Tuesday, 10 January 2012

Chinese treasures attract 40,000 Tokyo visitors

TOKYO - A special exhibition highlighted by the world-renowned Chinese painting "Life along the Bian River at the Qingming Festival," had attracted about 40,000 visitors after it was opened to the public in the Tokyo National Museum on January 2, organizers said Monday. Outside the gate of the museum, a board reading that it takes an 80-minute wait in line before one is able to view the famous hand scroll is put up conspicuously. The officials of the museum told Xinhua crowd disorder had happened during the exhibition, due to the popularity of the treasured painting from the Song Dynasty some 1,000 years ago, The work is one of a selection of 200 exhibits in the event, which is part of the efforts to mark the 40th anniversary of the normalization of China-Japan relations this year. Those masterpieces include calligraphic works and paintings not yet shown outside the Palace Museum by artists in the Song and Yuan dynasties, and the court dress and other accessories used in the Qing Dynasty (1644-1911). The event will last until February 19 at the Heiseikan Special Exhibition Galleries of the museum, but the famous painting will be wrapped up on January 24.

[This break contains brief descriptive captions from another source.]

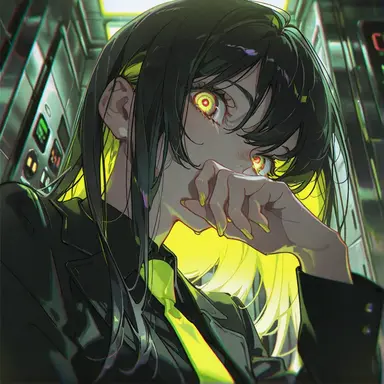 Profile image of 관리자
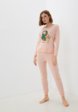 Пижама Indefini1  - превью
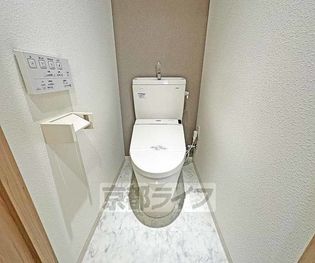 セント要法寺の画像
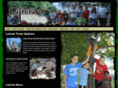 latreia.org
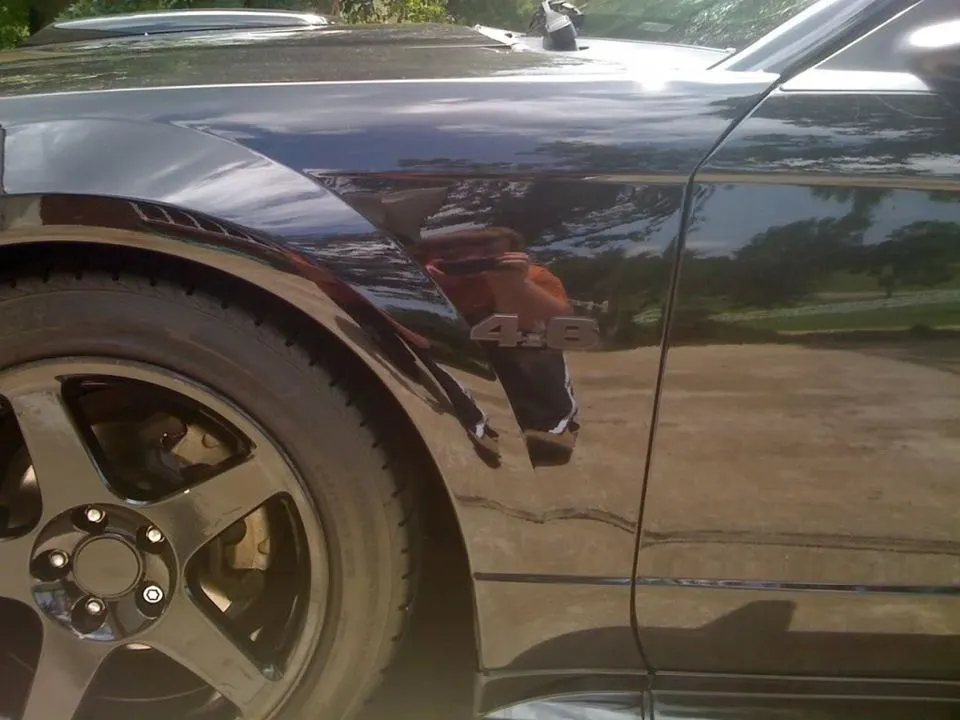 photo-7.webp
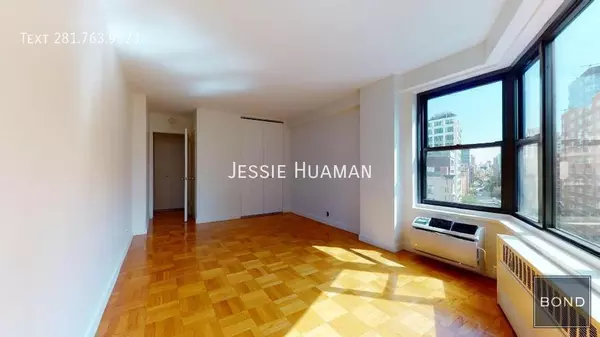 1 bedroom apartment for rent in Union Square - Manhattan, New York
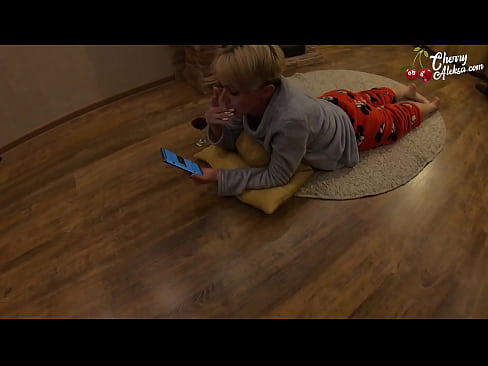 ❤️ Nora blondinka sesa velikega kurca in poskakuje na njem - analni seks ️❌ Trdi porniči na sl.epicpornvideos-com.ru ﹏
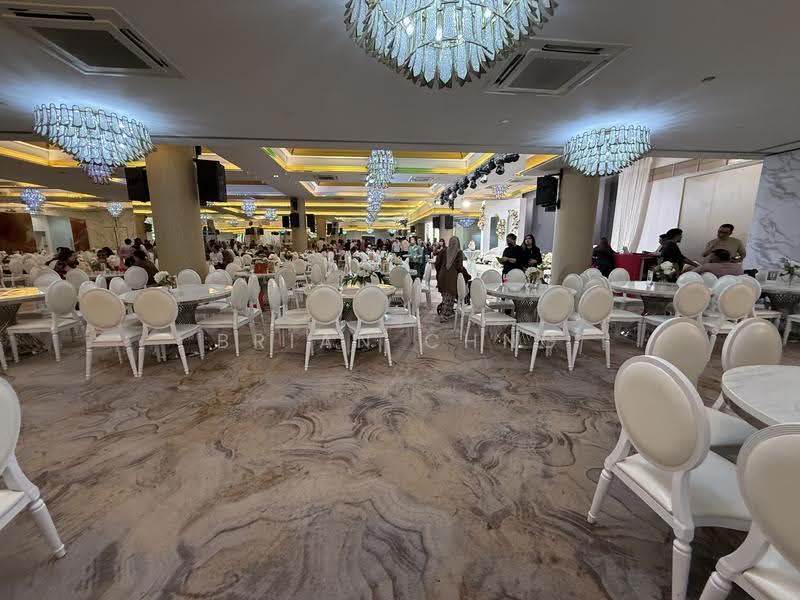 Grandlink Square, 511 Guillemard Road, Eunos / Geylang / Paya Lebar, 10,829 sqft, Mall Shop For Rent, by Brian Chng, 500297271 - Interior - CommercialGuru.com.sg
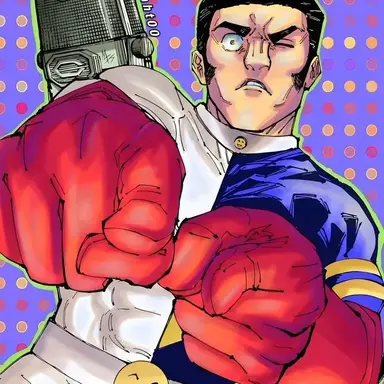 Profile image of Fumihiko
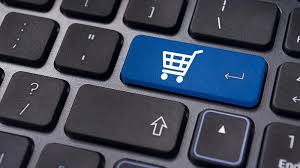 Marketing Terjamin untuk Berhasil Untuk Jualan Online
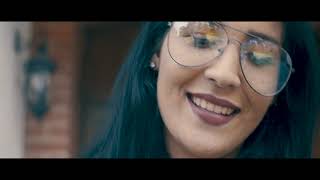 Cattleya Music - Ganas De Ti (Video Oficial)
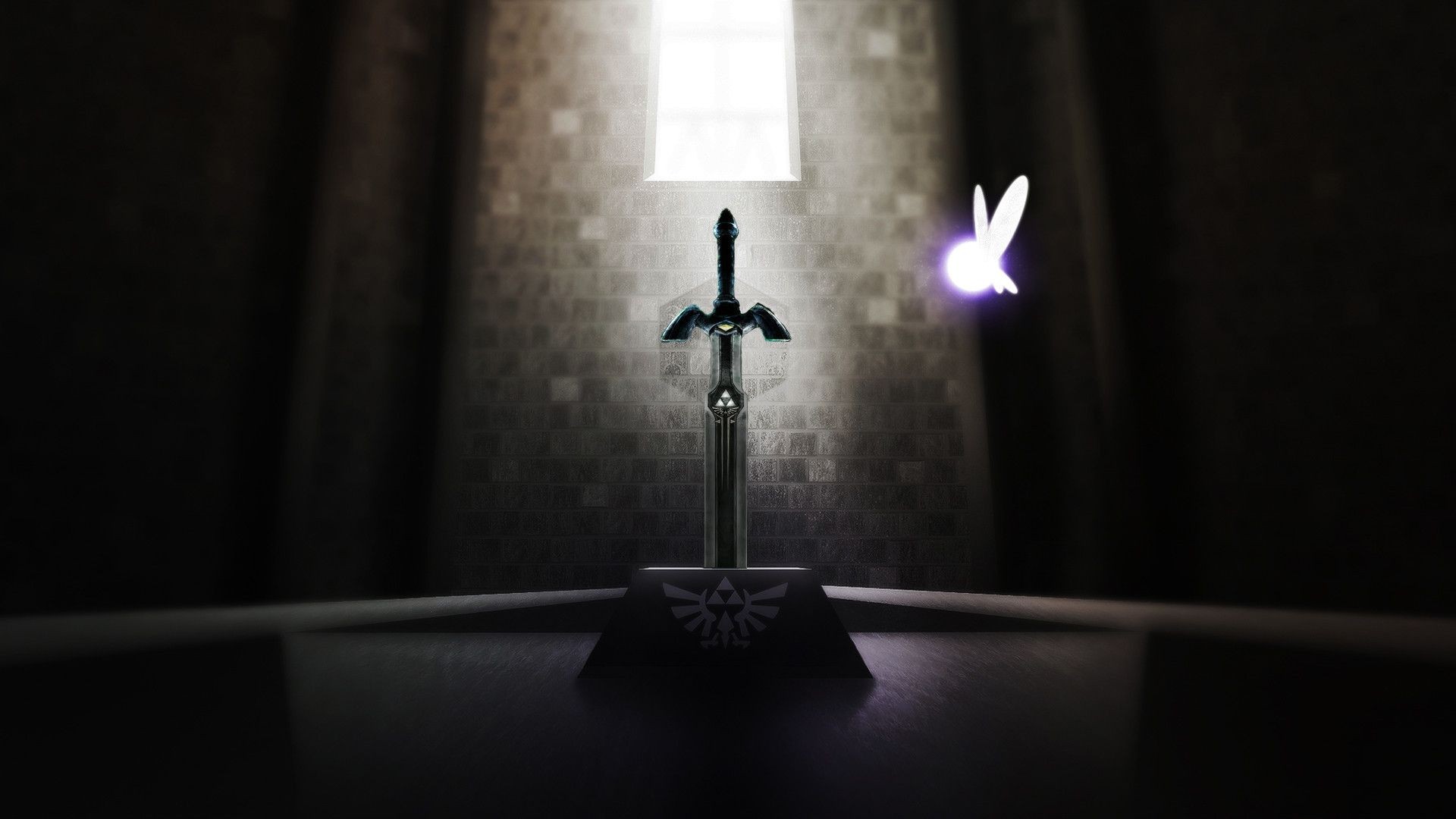 king arthur legend of the sword free mobile download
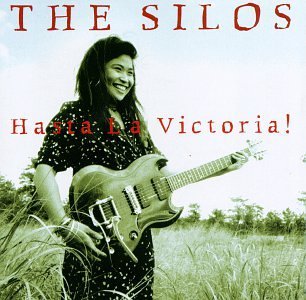 Silos/Hasta La Victoria!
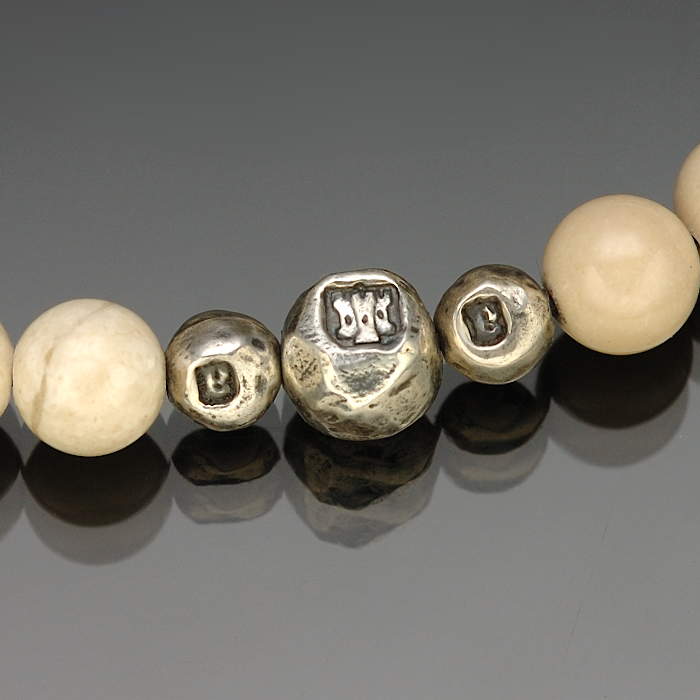 amp japan 14AH-412 item photo2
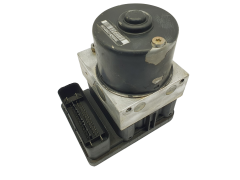 Abs-pump Mazda Ford 2S61-2M110-CE 10.0960-0106.3 ATE 63546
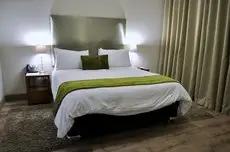 Menlyn Boutique Hotel 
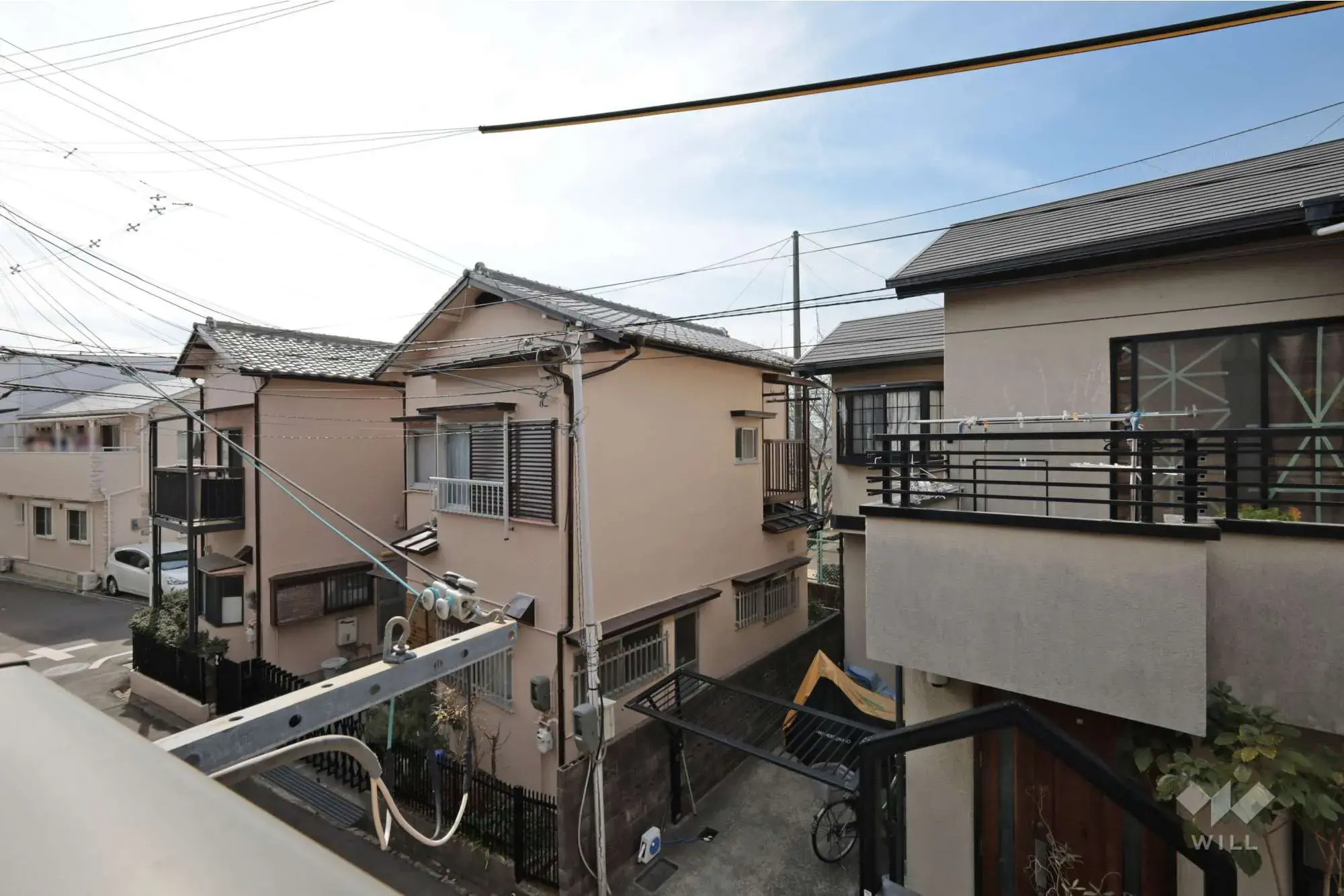 Slide 2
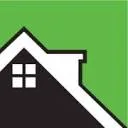Logo van Dakkapellen.nu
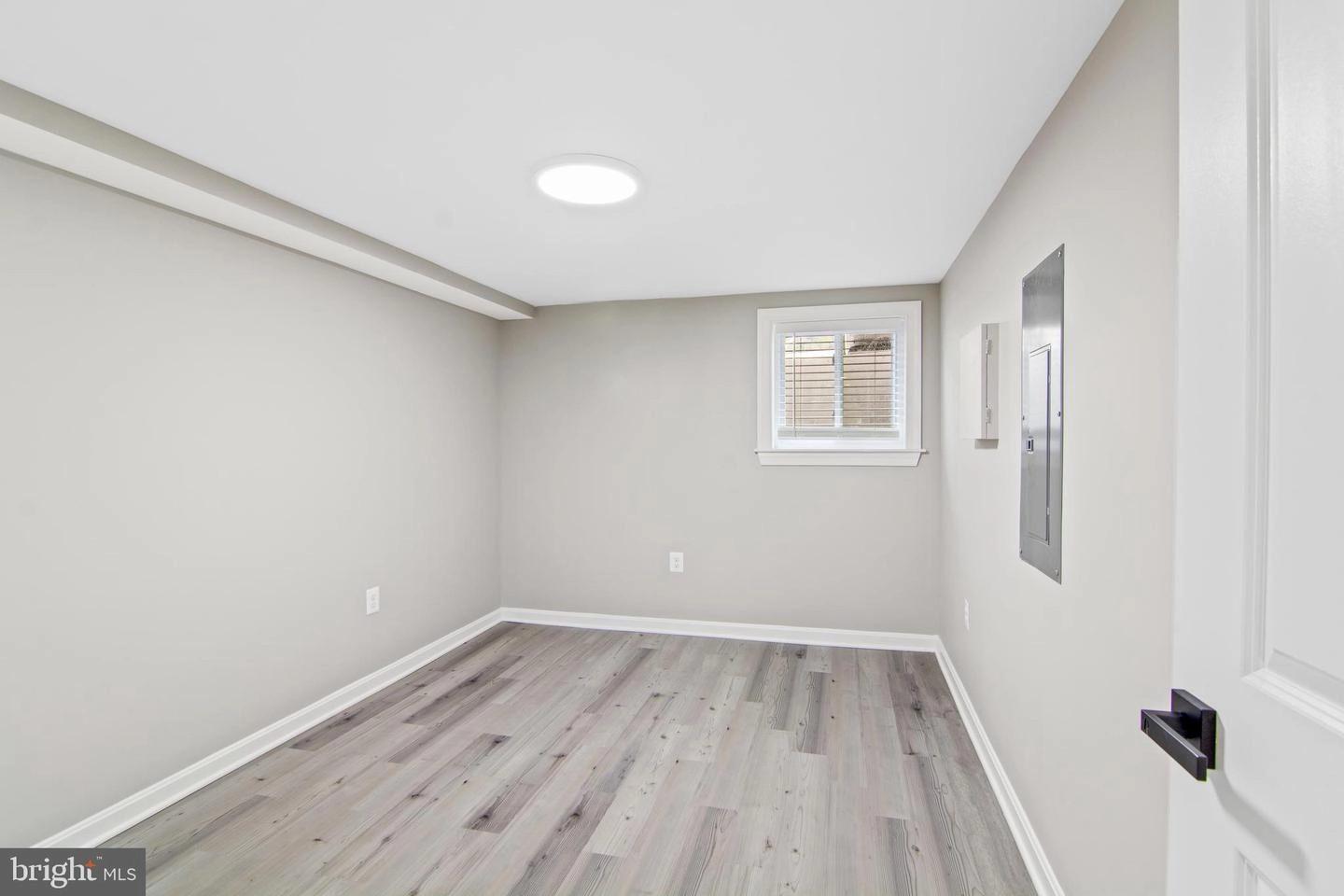 2556 Robb St, Baltimore, MD 21218 photo 20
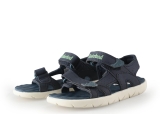 Timberland Sandalen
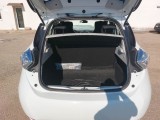  Renault  Zoe RENAULT  / 2013 / 5P / BERLINA  LIFE R90 #5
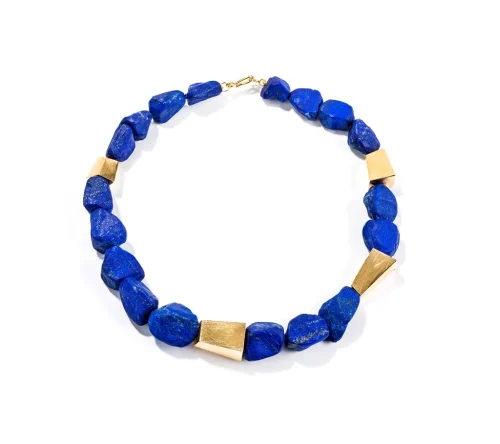 PBR030-16_2 Lazuli bruto II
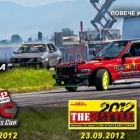 Партньори: ROTA DCB Series 2012 - 4-ти кръг във Варна (15-16 септември)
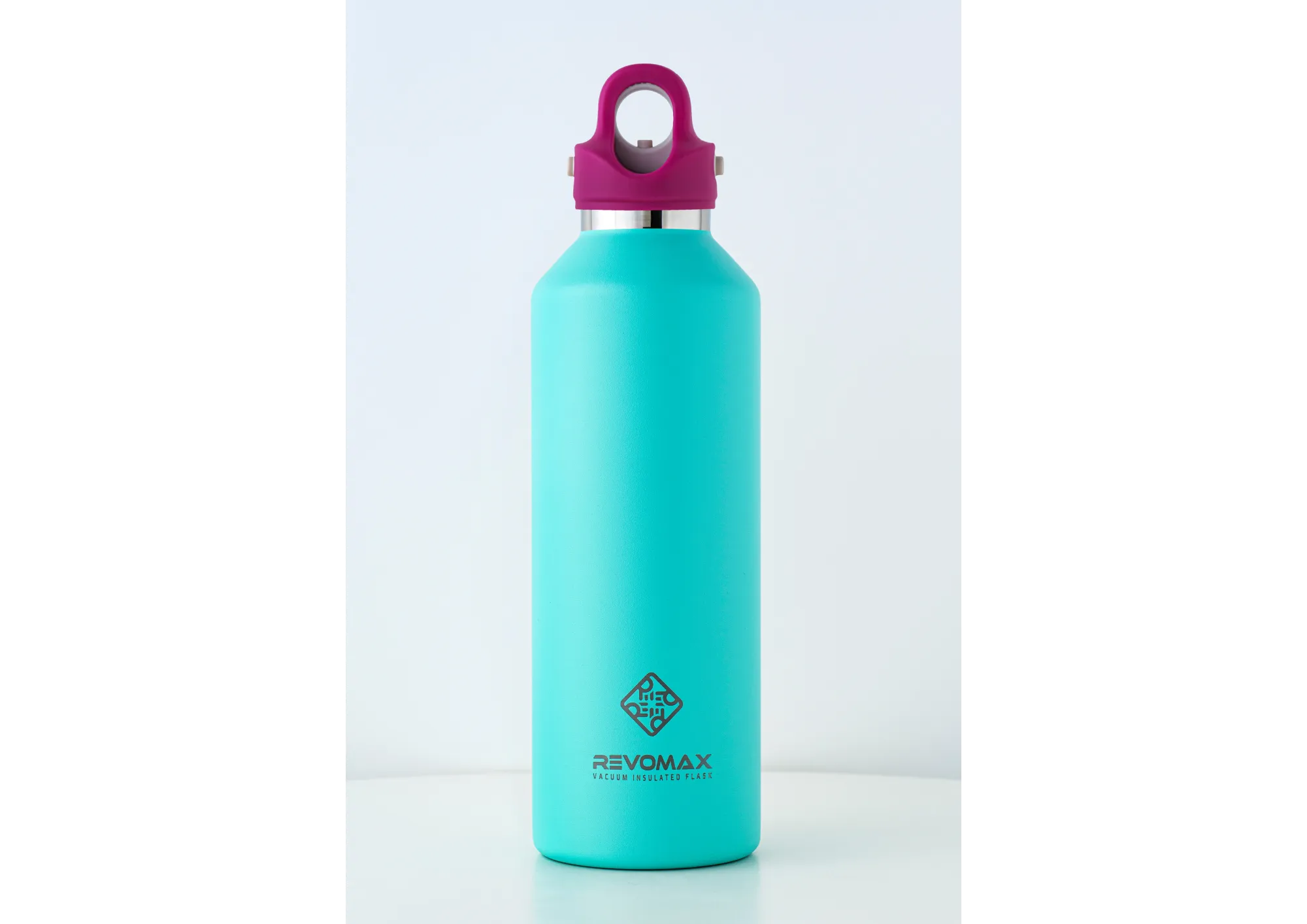 By YOU US Color 32oz(950ml)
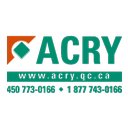 Association de la construction Richelieu Yamaska company logo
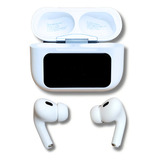 Fone Bluetooth Sem Fio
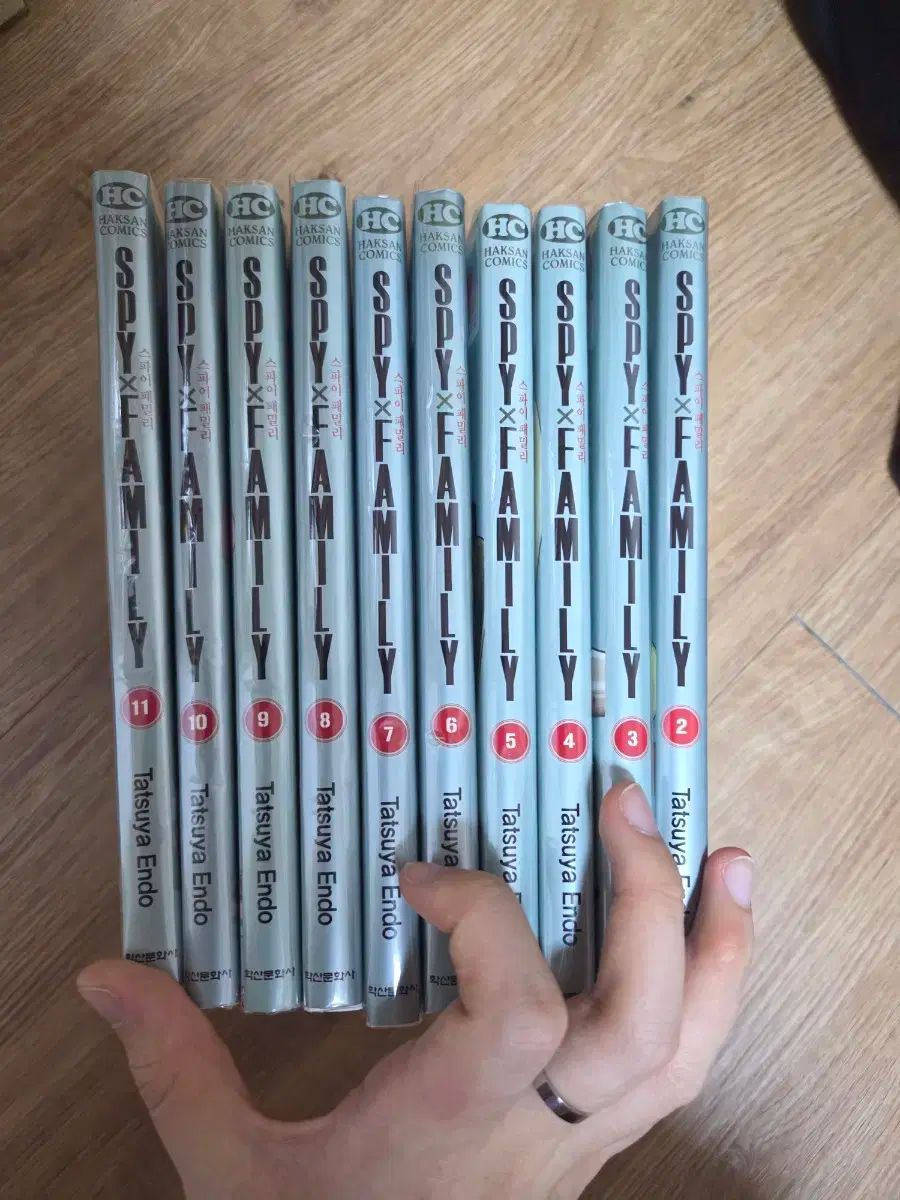中古】 アタナシオス神学の研究 / 関川 泰寛 / 教文館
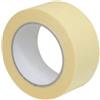 Fraschetti Nastro carta tipo carrozziere 48 mm x 50 mt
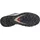 Salomon XA Pro 3D V9 GTX Herren Poseidon/White Pepper/Falcon 46 2/3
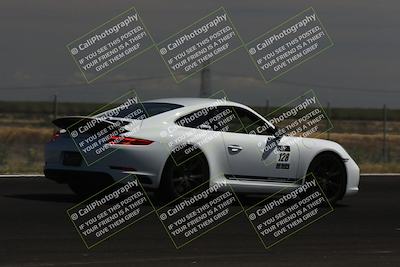 media/Apr-12-2025-Doghouse Garage (Sat) [[1d917ba261]]/InterLow/Turn 8/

Among the Song- and Yuan-dynasty calligraphic works and paintings admired by all fans of Chinese art, Life along the Bian River at the Qingming Festival (Northern Song dynasty, 12th century) is an especially renowned masterpiece. This hand scroll, painted by Zhang Zeduan and measuring over 5 meters long, vividly depicts in detail festivities in the Northern Song-dynasty capital, Bianjing (present-day Kaifeng). The fame of this work as one of the highest points of Chinese art has spread far and wide. However, it is rarely exhibited, even at the Palace Museum in Beijing, and it has only been shown outside of the museum at the Shanghai Museum, the Liaoning Provincial Museum and the Hong Kong Museum of Art. At all these places it was displayed for a limited period of time and was so popular that the exhibition venues, to which art fans flocked from around the world, recorded waiting times of several hours. For the first time, China’s “national treasure of national treasures” is crossing the sea to go on display in Tokyo.